Photo of Brian CareyBrian Carey is an information systems consultant specializing in Java, Java Enterprise, PHP, Ajax, and related technologies. You can follow Brian Carey on Twitter at http://twitter.com/brianmcarey.



10 November 2009

Also available in Chinese Japanese Portuguese

Why XML validation?

XML is a markup language that enables you, as a developer, to create your own custom language. This language is then used to carry, but not necessarily display, data in a platform-independent fashion. The language is defined with the use of markup tags, much like Hypertext Markup Language (HTML).

XML has gained in popularity in recent years because it represents the best of two worlds: It is easily readable by humans and computers alike. XML languages are expressed in tree-like structure with elements and attributes describing key data. The element and attribute names are usually written in plain English (so humans can read them). They are also highly structured (so computers can parse them).

Now, for example, suppose you create your own XML language, called LuresXML. LuresXML simply defines a means for defining various types of lures that are offered on your Web site. First, you create an XML schema that defines what the XML document should look like, as in Listing 1.

Listing 1. lures.xsd
<?xml version="1.0"?>
<xs:schema xmlns:xs="http://www.w3.org/2001/XMLSchema" elementFormDefault="qualified">
<xs:element name="lures">
 <xs:complexType> 
  <xs:sequence>
   <xs:element name="lure">
    <xs:complexType>
     <xs:sequence>
     <xs:element name="lureName" type="xs:string"/>
     <xs:element name="lureCompany" type="xs:string"/>
     <xs:element name="lureQuantity" type="xs:integer"/>
     </xs:sequence>
    </xs:complexType>
   </xs:element>
  </xs:sequence>
 </xs:complexType>
</xs:element>
</xs:schema>

This is, quite intentionally, a fairly simple example. The root element is called lures. It is the parent element of one or more lure elements, each of which is the parent of three other elements. The first element is the lure name (lureName). The second element is the name of the company that manufactures the lure (lureCompany). And, finally, the last element is the quantity (lureQuantity), or how many lures your company has in inventory. The first two of these child elements are defined as strings, whereas the lureQuantity element is defined as an integer.

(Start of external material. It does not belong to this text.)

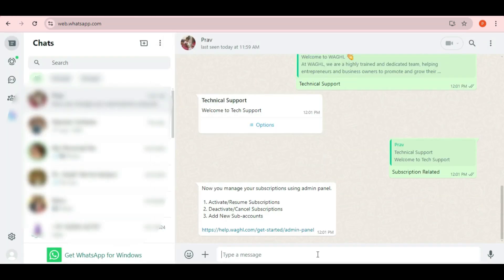That's how the list feature works on WhatsApp. It's simple, interactive, and highly effective.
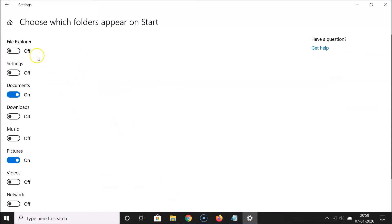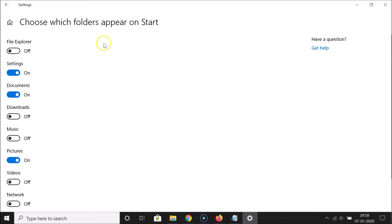A window opens with various options like File Explorer, Settings, Documents, Downloads, and other options. Find the Settings option — you can see it's currently off. What you need to do is click on the toggle to turn it on. Click the toggle and you can see it's now on.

Now, say you want to create an XML document (sometimes called an instance) based on that schema. It might look something like Listing 2.

Listing 2. lures.xml
<lures>
 <lure>
  <lureName>Silver Spoon</lureName>
  <lureCompany>Clark</lureCompany>
  <lureQuantity>Seven</lureQuantity>
 </lure>
</lures>

This is a simple XML document instance of the schema from Listing 1. In this case, the document instance lists only one lure. The name of the lure is Silver Spoon. The manufacturing company is Clark. And the quantity on hand is Seven.

Here is the question: How do you know that the XML document in Listing 2 is a proper instance of the schema defined in Listing 1? In fact, it isn't (this is also intentional).

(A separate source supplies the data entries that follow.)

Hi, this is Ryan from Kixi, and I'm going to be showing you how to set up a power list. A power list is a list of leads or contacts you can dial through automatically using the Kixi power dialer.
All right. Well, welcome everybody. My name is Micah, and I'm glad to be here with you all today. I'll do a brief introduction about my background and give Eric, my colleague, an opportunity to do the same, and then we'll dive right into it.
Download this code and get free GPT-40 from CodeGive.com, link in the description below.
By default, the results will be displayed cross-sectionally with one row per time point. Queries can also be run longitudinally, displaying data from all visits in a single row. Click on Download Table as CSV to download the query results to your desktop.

Note the lureQuantity element as defined in Listing 1. It is of type xs:integer. Yet in Listing 2 the lureQuantity element actually contains a word (Seven), not an integer.

The purpose of XML validation is to catch exactly those kinds of errors. Proper validation ensures that an XML document matches the rules defined in its schema.

Continuing with this example, when you attempt to validate the XML document in Listing 2, you get an error. You fix this error (by changing the Seven to a 7) before using the document within your software application.

XML validation is important because you want to catch errors as early as possible in the information interchange process. Otherwise, unpredictable results can occur when you attempt to parse an XML document and it contains invalid data types or an unexpected structure.

Simple XML parsing in PHP

It is beyond the scope of this article to provide an exhaustive overview of parsing XML documents in PHP. However, I look at the basics of loading an XML document in PHP.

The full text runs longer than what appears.